• _WORK INSTRUCTIONS_
Each line of the listing is to be retyped exactly as given.

──────── EXTRACTED DATA

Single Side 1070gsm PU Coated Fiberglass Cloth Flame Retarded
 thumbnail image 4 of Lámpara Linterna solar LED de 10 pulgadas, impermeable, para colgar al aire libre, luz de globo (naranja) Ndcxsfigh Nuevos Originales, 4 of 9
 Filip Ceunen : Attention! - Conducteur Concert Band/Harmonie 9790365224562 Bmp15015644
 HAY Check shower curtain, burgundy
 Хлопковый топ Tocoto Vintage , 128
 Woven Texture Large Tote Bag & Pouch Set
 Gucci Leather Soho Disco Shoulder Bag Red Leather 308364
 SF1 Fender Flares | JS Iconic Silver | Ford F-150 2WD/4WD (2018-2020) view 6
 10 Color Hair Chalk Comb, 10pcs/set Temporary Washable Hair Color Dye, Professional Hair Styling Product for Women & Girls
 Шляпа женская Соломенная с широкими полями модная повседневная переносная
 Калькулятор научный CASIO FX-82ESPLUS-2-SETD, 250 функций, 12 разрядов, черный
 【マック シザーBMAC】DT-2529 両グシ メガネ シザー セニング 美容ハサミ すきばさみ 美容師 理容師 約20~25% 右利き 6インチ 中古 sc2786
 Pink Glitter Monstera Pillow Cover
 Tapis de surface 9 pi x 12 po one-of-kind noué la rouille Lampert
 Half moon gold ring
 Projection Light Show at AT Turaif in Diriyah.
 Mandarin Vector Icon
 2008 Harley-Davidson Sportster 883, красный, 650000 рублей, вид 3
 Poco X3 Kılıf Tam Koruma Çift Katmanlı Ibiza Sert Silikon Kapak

────────────────

• _YOUR RESPONSE_
Single Side 1070gsm PU Coated Fiberglass Cloth Flame Retarded
 thumbnail image 4 of Lámpara Linterna solar LED de 10 pulgadas, impermeable, para colgar al aire libre, luz de globo (naranja) Ndcxsfigh Nuevos Originales, 4 of 9
 Filip Ceunen : Attention! - Conducteur Concert Band/Harmonie 9790365224562 Bmp15015644
 HAY Check shower curtain, burgundy
 Хлопковый топ Tocoto Vintage , 128
 Woven Texture Large Tote Bag & Pouch Set
 Gucci Leather Soho Disco Shoulder Bag Red Leather 308364
 SF1 Fender Flares | JS Iconic Silver | Ford F-150 2WD/4WD (2018-2020) view 6
 10 Color Hair Chalk Comb, 10pcs/set Temporary Washable Hair Color Dye, Professional Hair Styling Product for Women & Girls
 Шляпа женская Соломенная с широкими полями модная повседневная переносная
 Калькулятор научный CASIO FX-82ESPLUS-2-SETD, 250 функций, 12 разрядов, черный
 【マック シザーBMAC】DT-2529 両グシ メガネ シザー セニング 美容ハサミ すきばさみ 美容師 理容師 約20~25% 右利き 6インチ 中古 sc2786
 Pink Glitter Monstera Pillow Cover
 Tapis de surface 9 pi x 12 po one-of-kind noué la rouille Lampert
 Half moon gold ring
 Projection Light Show at AT Turaif in Diriyah.
 Mandarin Vector Icon
 2008 Harley-Davidson Sportster 883, красный, 650000 рублей, вид 3
 Poco X3 Kılıf Tam Koruma Çift Katmanlı Ibiza Sert Silikon Kapak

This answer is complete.